> **ASSIGNMENT**
For the full listing below, write out each entry exactly and exclude the images.

> **RECORDS FOR PROCESSING**
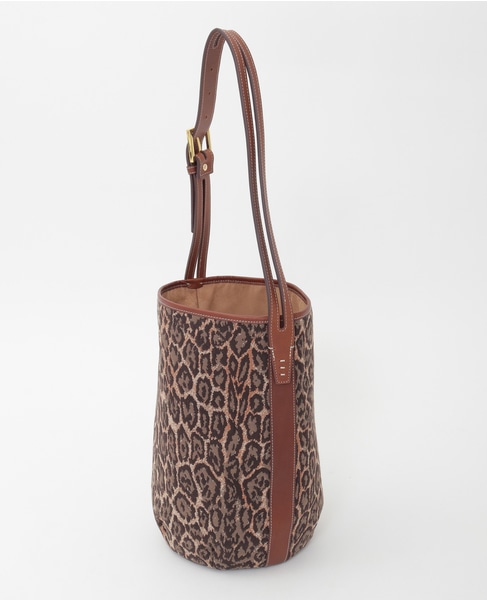 【A VACATION/アバケーション】MARCHE BROWN LEO 詳細画像 ブラウン 2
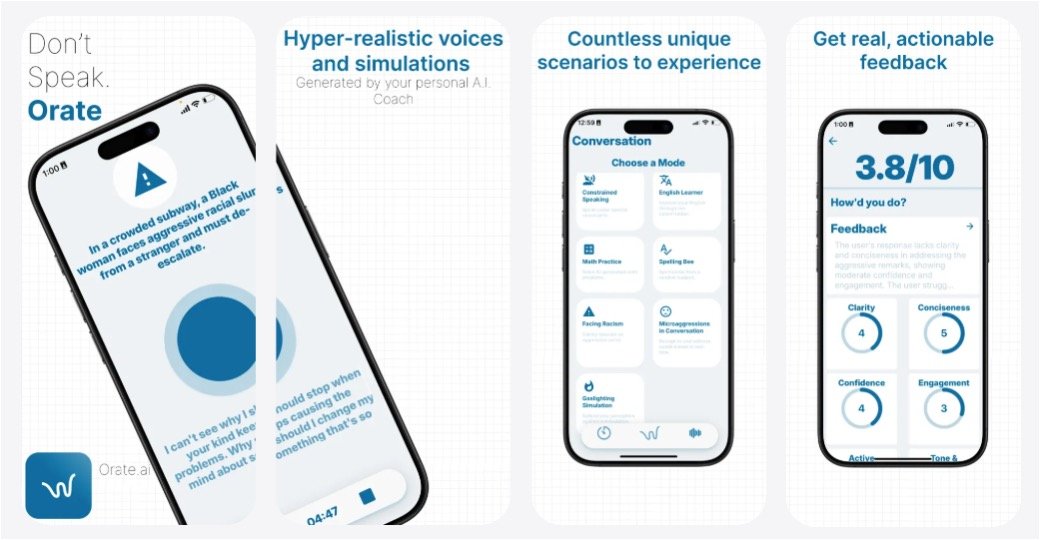 Orate AI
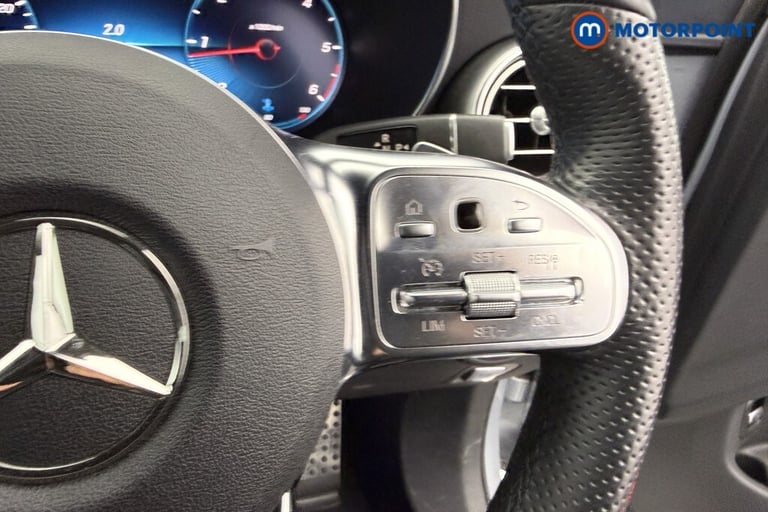 2022 Mercedes-Benz GLC GLC 220d 4Matic AMG Line Premium 5dr 9G-Tronic SUV Diesel Automatic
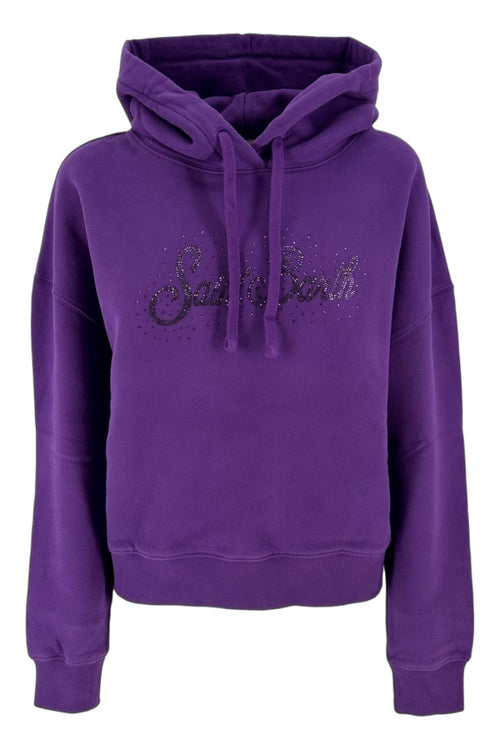MC2 Saint Barth Maglie Viola da donna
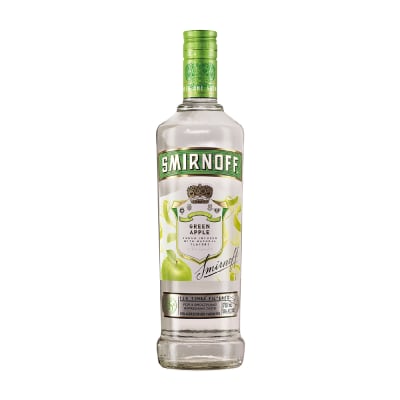 VODKA SMIRNOFF APLLE 700ML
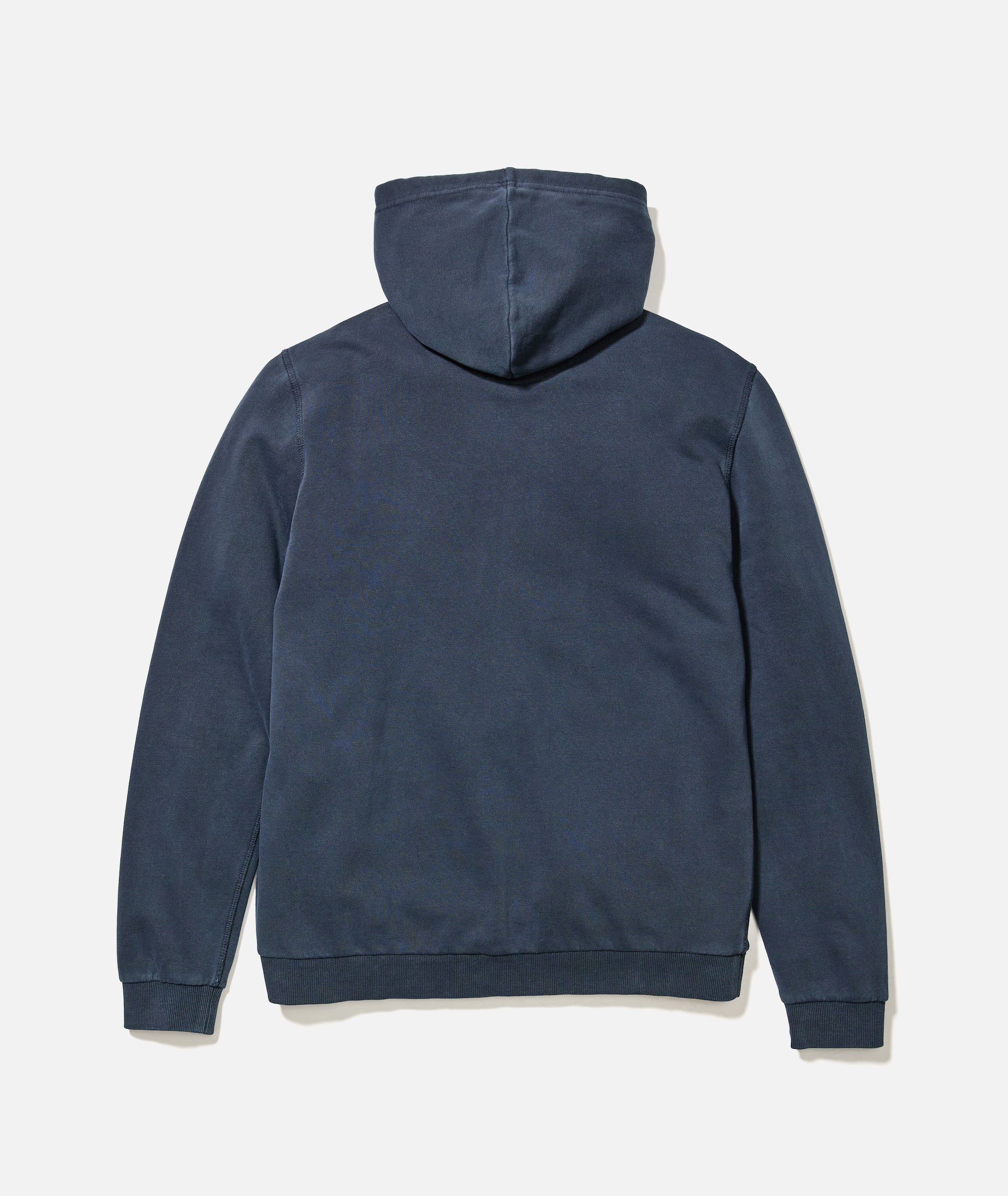 Cloud 9 Fleece Relaxed Hoodie in Mood Indigo - Image 8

> **SOLUTION TO THIS PROBLEM**
 【A VACATION/アバケーション】MARCHE BROWN LEO 詳細画像 ブラウン 2
 Orate AI
 2022 Mercedes-Benz GLC GLC 220d 4Matic AMG Line Premium 5dr 9G-Tronic SUV Diesel Automatic
MC2 Saint Barth Maglie Viola da donna
 VODKA SMIRNOFF APLLE 700ML
 Cloud 9 Fleece Relaxed Hoodie in Mood Indigo - Image 8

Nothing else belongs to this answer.